I am personally not sure where I stand on affirmative action, but I think I think that the Supreme Court did the best they could with an extremely sticky issue. Don't get me wrong—I certainly understand the gripes that many have had with the decision, namely that the court "punted" their ruling and passed it off as not their problem. But if I were a Supreme Court justice, and I were wrestling with my position on affirmative action, I would do the same thing: leave the option open but let someone else decide how to apply it.
That's because, while I believe there must be some accounting for students' different backgrounds in the admissions process, I have no idea of the best way to do so. That's for someone smarter than me—and smarter even than the nine Supreme Court justices—to decide. Someone like a sabermetrician. Let me explain.
In baseball, like in academic achievement, players do not always play under the same conditions. As a result, statistics that purport to be measured on the same scale—earned run average for pitchers, batting average, home runs, etc. for hitters—don't always tell us who is the better player. For example, how do you compare Jorge De La Rosa's 3.09 ERA so far this year, with half of his games coming at hitter-friendly Coors Field, with Hyun-Jin Ryu's 2.83 for the Dodgers, who play in a much better pitcher's park?
Baseball's answer has been adjusted ERA (better known as ERA+), or adjusted OPS (OPS+) for hitters. These statistics put ERA and OPS (on-base percentage plus slugging percentage) on a universal scale by weighting them for the ballpark (hitter-friendly or pitcher-friendly) that players have achieved them in. A league-average ERA+ or OPS+ is 100, and the number basically equates to a percentage—if you have an OPS+ of 90, you have an OPS that's 10% worse than the league average; if you have an ERA+ of 150, you have an ERA that's 50% better. Jorge De La Rosa's ERA+ is 145; Hyun-Jin Ryu's is 129. These more accurate measures of a player's performance therefore show us that, if De La Rosa and Ryu had pitched every game under identical conditions—much like a controlled experiment, in scientific-method terminology—De La Rosa would have given up fewer runs (despite what has actually occurred in real life).
Affirmative action should take the form of a similar universal statistic—let's call it adjusted grade point average, or GPA+. Colleges should seek to ascertain how all students would have performed relative to each other if they had all been playing on a level field—and then take the X number of students with the highest scores on that universal scale. Where OPS+ is adjusted according to the difficulty of the ballpark, GPA+ can be adjusted according to the quality of the high school where the child was educated, the difficulty of the economic circumstances that the child had to overcome, and other obstacles that might cause a student's true ability not to be reflected in their raw GPA.
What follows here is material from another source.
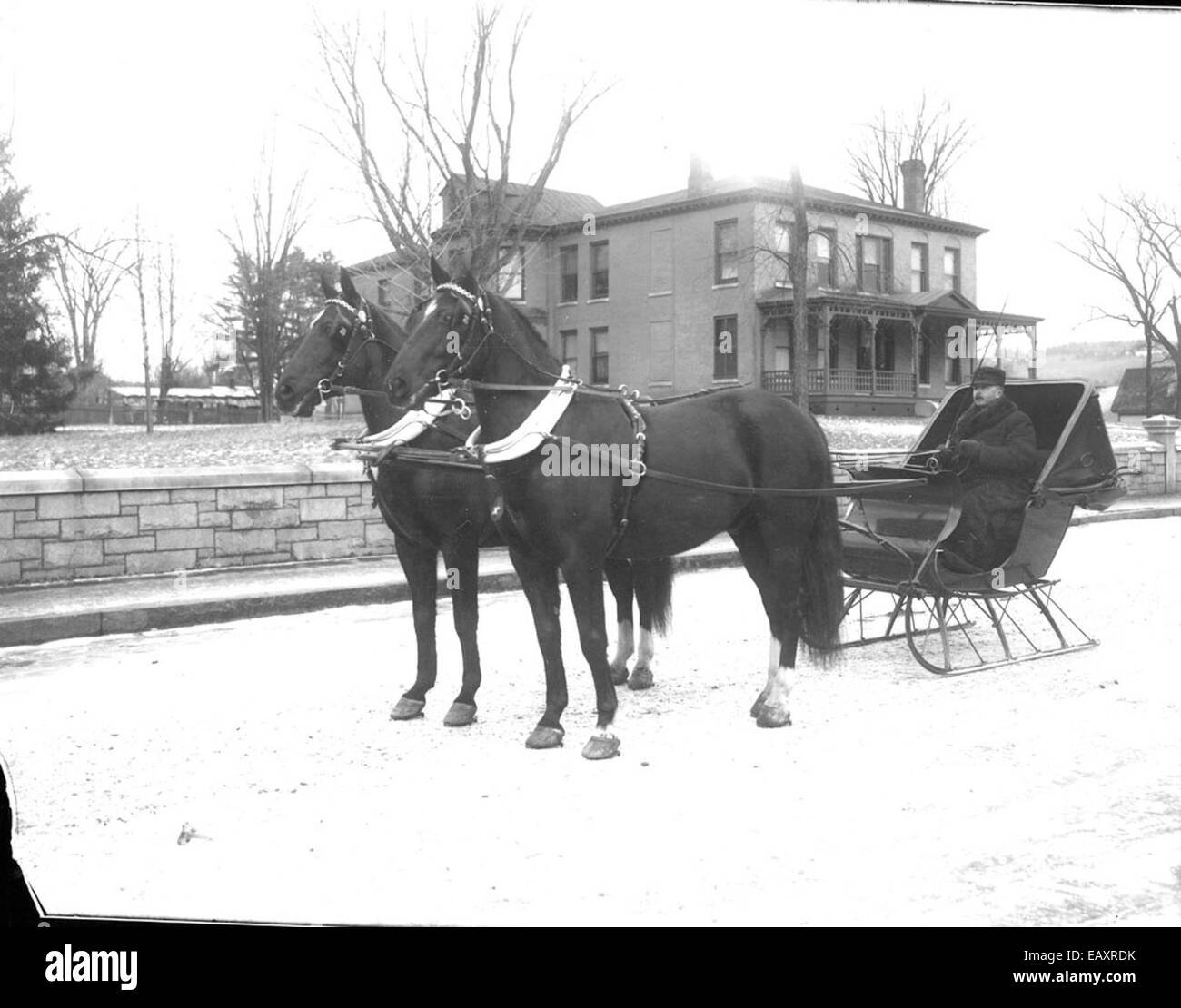 Questa fotografia vintage di Bion Whitehouse raffigura un uomo che cavalca su una slitta trainata da cavalli a Keene, New Hampshire, che riflette i metodi di trasporto del passato in una pittoresca scena invernale. Foto Stock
Again, I don't know what all those factors would be, much less how to weight them properly. Would race be included? It's hard to see how race can affect or understate a student's ability (rather, race is all too often a proxy for the economic conditions that truly do that), but contributing to the diversity of the student body does carry value, no? For that reason, maybe the University of Texas at Austin would prefer to use a statistic like VORS (Value Over Replacement Student) than GPA+.
What statistic to use, and how to calculate it, would certainly be controversial; I have no illusions about that. But the first step is to get smart statisticians creating these education SABR-equivalents, and then we can have a debate about them (much as Fangraphs and Baseball-Reference have a healthy debate over how to calculate WAR). Great, unbiased data minds—ones whose loyalty is to truth in numbers, not ideology–are out there. It's time to get them on the job for something bigger than baseball.